Exercise brief — Would you please transcribe exactly the lines from the one containing "Girls Tea Party" through the end of the material below, and only those?

......

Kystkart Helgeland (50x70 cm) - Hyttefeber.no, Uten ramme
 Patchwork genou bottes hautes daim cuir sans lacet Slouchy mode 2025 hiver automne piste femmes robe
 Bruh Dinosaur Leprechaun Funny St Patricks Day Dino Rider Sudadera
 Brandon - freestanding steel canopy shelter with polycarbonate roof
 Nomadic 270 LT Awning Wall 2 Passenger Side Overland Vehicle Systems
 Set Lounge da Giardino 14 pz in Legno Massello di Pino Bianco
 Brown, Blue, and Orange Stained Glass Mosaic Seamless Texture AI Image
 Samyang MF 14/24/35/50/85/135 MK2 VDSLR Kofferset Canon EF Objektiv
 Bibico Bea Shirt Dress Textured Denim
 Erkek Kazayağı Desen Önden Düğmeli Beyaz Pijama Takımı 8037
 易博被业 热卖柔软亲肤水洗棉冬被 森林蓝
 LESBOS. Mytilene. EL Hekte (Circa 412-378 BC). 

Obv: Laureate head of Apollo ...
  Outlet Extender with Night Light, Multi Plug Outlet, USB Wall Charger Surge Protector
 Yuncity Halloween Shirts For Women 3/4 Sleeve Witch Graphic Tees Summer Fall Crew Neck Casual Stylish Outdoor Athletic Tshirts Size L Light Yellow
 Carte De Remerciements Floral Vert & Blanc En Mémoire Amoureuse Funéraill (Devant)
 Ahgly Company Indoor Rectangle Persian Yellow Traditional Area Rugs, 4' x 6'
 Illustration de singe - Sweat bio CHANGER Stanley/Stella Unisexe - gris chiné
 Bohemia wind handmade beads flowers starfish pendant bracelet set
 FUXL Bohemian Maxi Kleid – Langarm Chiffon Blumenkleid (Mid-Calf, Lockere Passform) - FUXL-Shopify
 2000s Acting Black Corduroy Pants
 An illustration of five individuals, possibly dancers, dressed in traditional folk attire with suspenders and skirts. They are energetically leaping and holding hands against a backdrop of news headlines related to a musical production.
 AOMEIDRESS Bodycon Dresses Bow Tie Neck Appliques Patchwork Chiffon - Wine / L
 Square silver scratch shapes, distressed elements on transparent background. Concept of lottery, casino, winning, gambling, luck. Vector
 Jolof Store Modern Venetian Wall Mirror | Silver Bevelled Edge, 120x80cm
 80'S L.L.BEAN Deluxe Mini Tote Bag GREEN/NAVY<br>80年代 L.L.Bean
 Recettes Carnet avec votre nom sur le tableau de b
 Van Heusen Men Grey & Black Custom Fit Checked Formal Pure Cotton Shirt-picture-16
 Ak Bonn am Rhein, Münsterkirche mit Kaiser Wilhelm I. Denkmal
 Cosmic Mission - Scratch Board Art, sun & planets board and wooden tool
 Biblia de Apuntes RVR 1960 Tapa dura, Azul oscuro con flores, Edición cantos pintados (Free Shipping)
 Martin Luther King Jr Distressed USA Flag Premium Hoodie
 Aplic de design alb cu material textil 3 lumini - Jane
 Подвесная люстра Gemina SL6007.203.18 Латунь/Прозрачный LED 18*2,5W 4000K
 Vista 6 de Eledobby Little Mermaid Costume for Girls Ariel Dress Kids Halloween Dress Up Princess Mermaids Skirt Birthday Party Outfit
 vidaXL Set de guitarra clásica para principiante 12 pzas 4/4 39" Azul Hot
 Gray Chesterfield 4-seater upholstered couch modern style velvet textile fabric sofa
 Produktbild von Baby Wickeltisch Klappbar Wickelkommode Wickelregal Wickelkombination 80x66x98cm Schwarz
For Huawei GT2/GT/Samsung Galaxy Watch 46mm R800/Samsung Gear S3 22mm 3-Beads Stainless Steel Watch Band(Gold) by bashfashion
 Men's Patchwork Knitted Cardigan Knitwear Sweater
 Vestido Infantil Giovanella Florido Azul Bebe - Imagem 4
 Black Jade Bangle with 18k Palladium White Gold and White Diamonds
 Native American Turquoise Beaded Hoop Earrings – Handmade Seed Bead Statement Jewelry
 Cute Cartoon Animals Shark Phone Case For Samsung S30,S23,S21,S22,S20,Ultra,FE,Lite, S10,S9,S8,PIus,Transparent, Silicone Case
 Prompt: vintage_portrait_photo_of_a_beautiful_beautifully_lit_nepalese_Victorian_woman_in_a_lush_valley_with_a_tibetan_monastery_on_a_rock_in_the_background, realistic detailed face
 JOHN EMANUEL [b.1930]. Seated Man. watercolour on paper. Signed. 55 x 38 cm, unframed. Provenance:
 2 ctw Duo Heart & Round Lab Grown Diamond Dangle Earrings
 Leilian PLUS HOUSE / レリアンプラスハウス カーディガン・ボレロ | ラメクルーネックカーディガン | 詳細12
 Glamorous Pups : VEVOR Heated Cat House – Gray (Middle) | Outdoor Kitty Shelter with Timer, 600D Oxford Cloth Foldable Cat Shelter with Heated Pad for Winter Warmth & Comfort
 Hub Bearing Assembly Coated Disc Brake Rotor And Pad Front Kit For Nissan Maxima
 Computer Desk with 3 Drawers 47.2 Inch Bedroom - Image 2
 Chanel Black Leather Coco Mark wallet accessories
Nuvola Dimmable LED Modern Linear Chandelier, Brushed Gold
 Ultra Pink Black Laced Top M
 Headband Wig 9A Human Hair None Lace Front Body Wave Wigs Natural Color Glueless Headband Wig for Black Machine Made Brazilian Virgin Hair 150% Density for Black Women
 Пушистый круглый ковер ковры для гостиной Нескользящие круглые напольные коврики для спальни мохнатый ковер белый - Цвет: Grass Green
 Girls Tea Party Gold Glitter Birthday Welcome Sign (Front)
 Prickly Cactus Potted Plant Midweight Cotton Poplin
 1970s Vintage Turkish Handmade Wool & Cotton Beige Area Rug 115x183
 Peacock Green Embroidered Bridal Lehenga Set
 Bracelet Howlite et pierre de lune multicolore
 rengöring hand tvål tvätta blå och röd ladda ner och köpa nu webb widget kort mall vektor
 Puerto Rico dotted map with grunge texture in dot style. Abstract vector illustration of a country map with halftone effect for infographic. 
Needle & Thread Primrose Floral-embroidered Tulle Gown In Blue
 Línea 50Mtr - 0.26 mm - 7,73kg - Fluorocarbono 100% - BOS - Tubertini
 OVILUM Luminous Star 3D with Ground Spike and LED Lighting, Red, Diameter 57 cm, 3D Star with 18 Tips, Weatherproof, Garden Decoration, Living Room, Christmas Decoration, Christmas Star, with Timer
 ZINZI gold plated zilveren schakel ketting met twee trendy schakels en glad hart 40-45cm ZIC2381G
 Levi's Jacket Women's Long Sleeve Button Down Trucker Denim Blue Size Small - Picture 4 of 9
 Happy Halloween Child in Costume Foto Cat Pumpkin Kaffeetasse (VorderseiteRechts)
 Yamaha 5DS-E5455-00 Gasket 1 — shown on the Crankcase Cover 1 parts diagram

......

Exercise output —
 Girls Tea Party Gold Glitter Birthday Welcome Sign (Front)
 Prickly Cactus Potted Plant Midweight Cotton Poplin
 1970s Vintage Turkish Handmade Wool & Cotton Beige Area Rug 115x183
 Peacock Green Embroidered Bridal Lehenga Set
 Bracelet Howlite et pierre de lune multicolore
 rengöring hand tvål tvätta blå och röd ladda ner och köpa nu webb widget kort mall vektor
 Puerto Rico dotted map with grunge texture in dot style. Abstract vector illustration of a country map with halftone effect for infographic. 
Needle & Thread Primrose Floral-embroidered Tulle Gown In Blue
 Línea 50Mtr - 0.26 mm - 7,73kg - Fluorocarbono 100% - BOS - Tubertini
 OVILUM Luminous Star 3D with Ground Spike and LED Lighting, Red, Diameter 57 cm, 3D Star with 18 Tips, Weatherproof, Garden Decoration, Living Room, Christmas Decoration, Christmas Star, with Timer
 ZINZI gold plated zilveren schakel ketting met twee trendy schakels en glad hart 40-45cm ZIC2381G
 Levi's Jacket Women's Long Sleeve Button Down Trucker Denim Blue Size Small - Picture 4 of 9
 Happy Halloween Child in Costume Foto Cat Pumpkin Kaffeetasse (VorderseiteRechts)
 Yamaha 5DS-E5455-00 Gasket 1 — shown on the Crankcase Cover 1 parts diagram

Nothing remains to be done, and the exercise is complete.